Researchers have long thought that planets are formed from pieces of fluffy dust that settle in a disc around a young star. Those protoplanetary discs then form into planets, like our own Earth.

But new research suggests that it might be possible for them to form not around their own sun but instead around a black hole. They might come into existence in far more extreme environments, new work suggests, and a black hole could be home to thousands of planets.

“With the right conditions, planets could be formed even in harsh environments, such as around a black hole,” says Keiichi Wada, a professor at Kagoshima University in Japan.

Rather than exploring the normal protoplanetary discs, researchers looked at heavy discs around supermassive black holes that sit in the heart of galaxies. Those discs can be incredibly vast, and so could the planetary system that grows out of them.

“Our calculations show that tens of thousands of planets with 10 times the mass of the Earth could be formed around 10 light-years from a black hole,” said Eiichiro Kokubo, a professor at the National Astronomical Observatory of Japan who studies planet formation, in a statement. “Around black holes there might exist planetary systems of astonishing scale.”

Just one of the discs around a supermassive black hole can have as much as 100,000 times the mass of the Sun, in the form of dust, the researchers suggest. That is a billion times the mass of a protoplanetary disc.

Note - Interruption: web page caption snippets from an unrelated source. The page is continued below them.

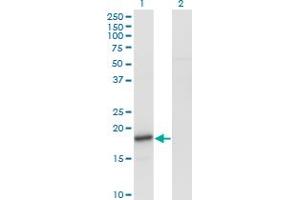 Western Blot analysis of SNCA expression in transfected 293T cell line by SNCA monoclonal antibody (M01), clone 2E4. (SNCA 抗体  (AA 31-140))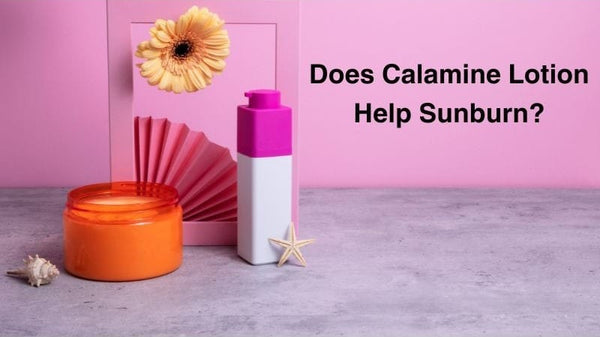 Calamine Lotion for Sunburn Relief: Uses, Application, and Safety Tips! - EOB Website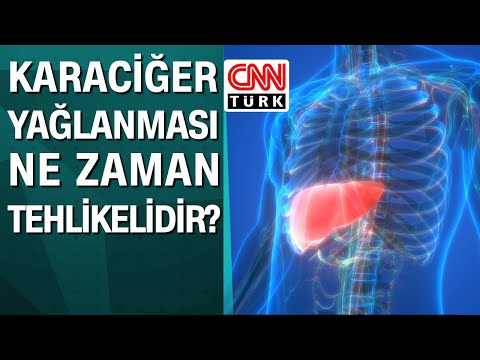 Karaciğer yağlanması ne zaman tehlikelidir?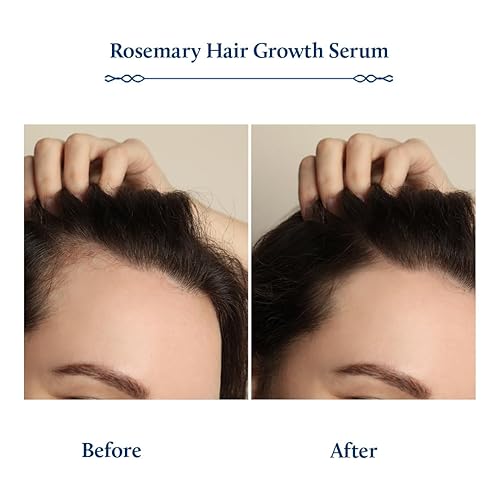 Miniatura 5 de Blue Nectar Suero para el crecimiento del cabello con aceite de romero para el crecimiento del cabello | Aerosol tónico ayurvédico para el cabello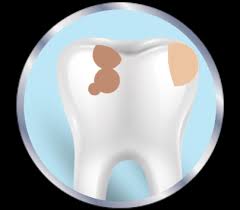 Here's what you need to know. Is It A Cavity Or Sensitive Teeth Sensodyne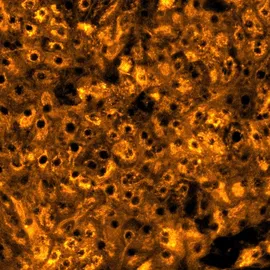Histology image showing liver tissue for predicting drug-induced liver injury with greater confidence.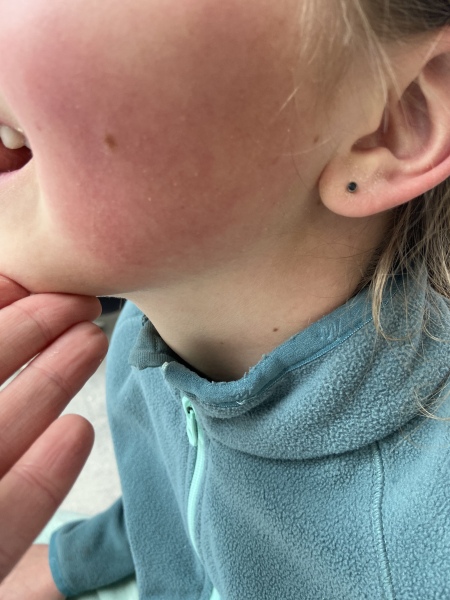 Red cheeks- 11 year old DD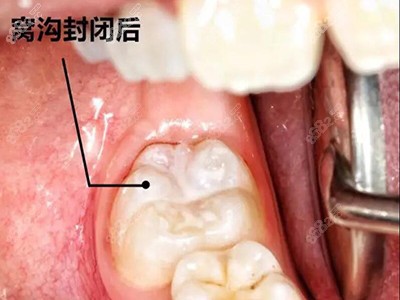 厦门登特口腔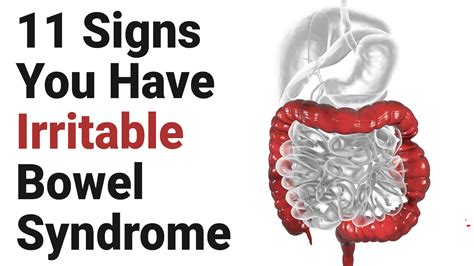 11 Signs You Have Irritable Bowel Syndrome Irritable Bowel Syndrome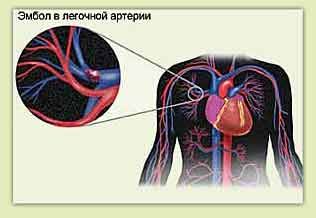 Плућна емболија и болови у грудима са леве стране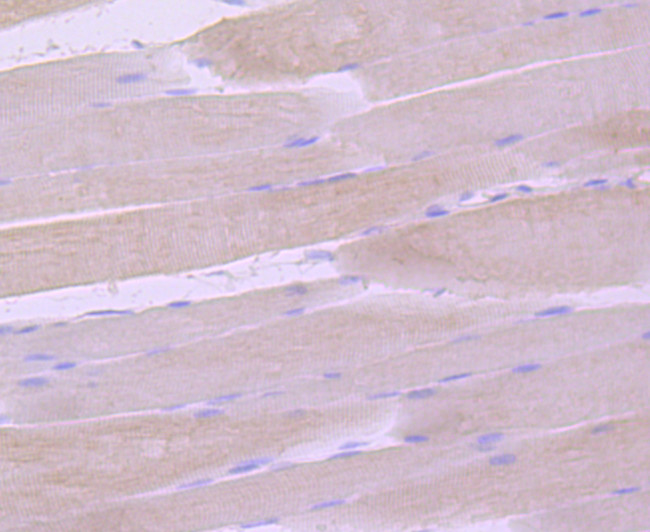 SGCG Antibody in Immunohistochemistry (Paraffin) (IHC (P))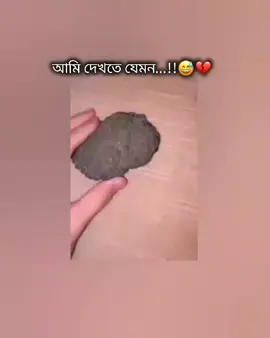 দেখতে অসুন্দর হতে পারে কিন্তু মনের দিক থেকে নয়...!!🥹🫶🏻❤️‍🩹 #tik_tok #foryou #pppppppppppppppp #fffffffffffyyyyyyyyyyypppppppppppp #_sami_804 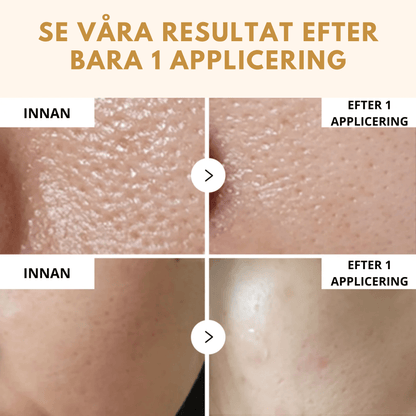 Dr. Melaxin - Complete Skin Reset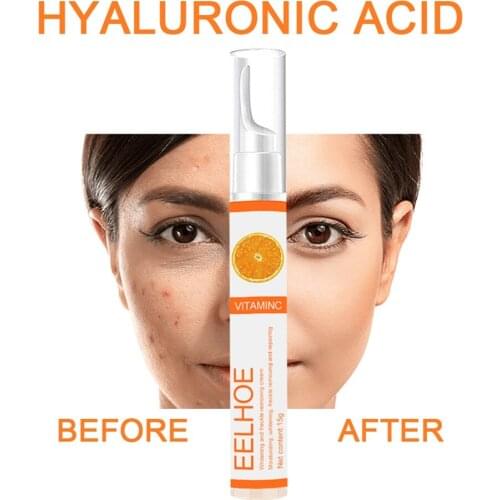 15g Vitamin C Freckle Remover Cream Remover Cream Skin Whitening Gel Reduces Pigmentation Hyaluronic Ideal Skin Treatment Cream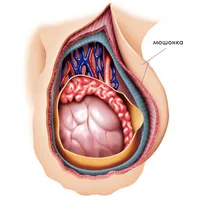 Prostatita care a tratat Prostatita care a tratat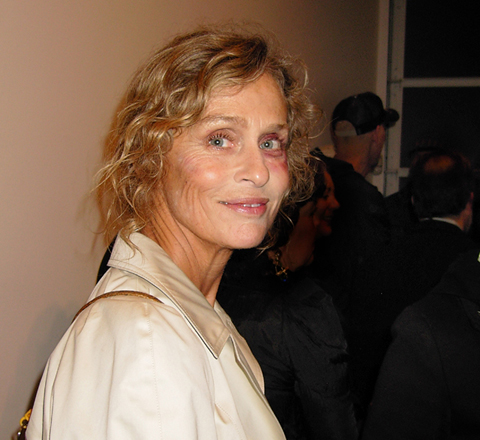 Lauren Hutton with a black eye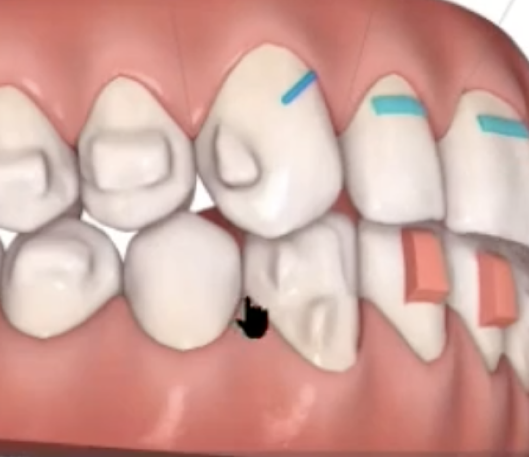 Compare and contrast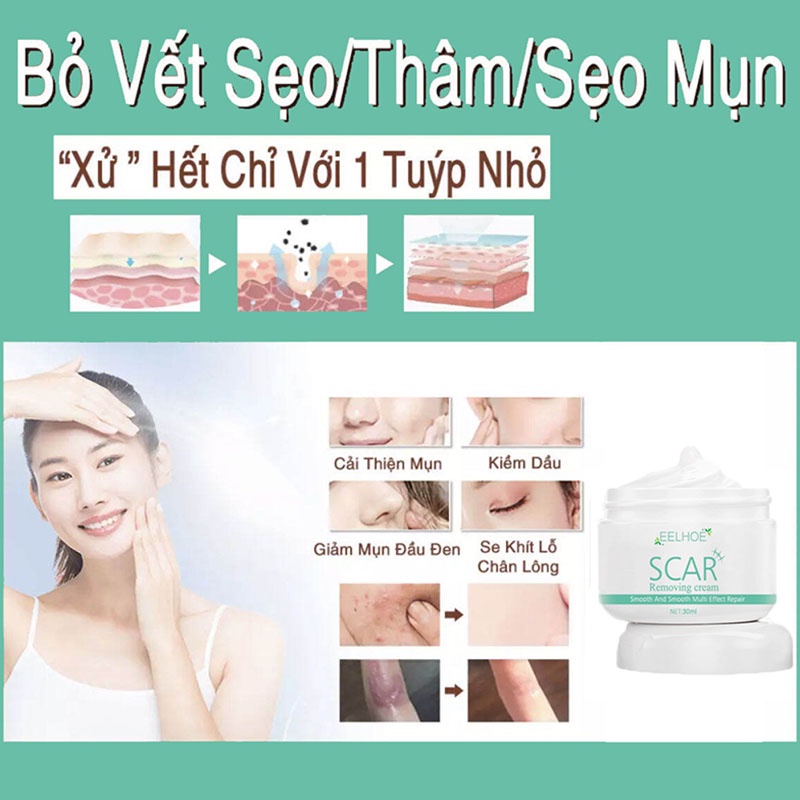 EELHOE Gel xóa sẹo Loại bỏ Sẹo mụn, Vết rạn da và Sẹo lồi Sửa chữa da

That material could eventually form into planets, the researchers found, over the course of hundreds of millions of years.

There is no way of detecting such planetary systems around a black hole, and so no way to know for sure whether planets of this kind have yet formed.

A paper examining the possibilities, titled 'Planet Formation around Super Massive Black Holes in the Active Galactic Nuclei', is being published in the Astrophysical Journal. A version of it can be read online.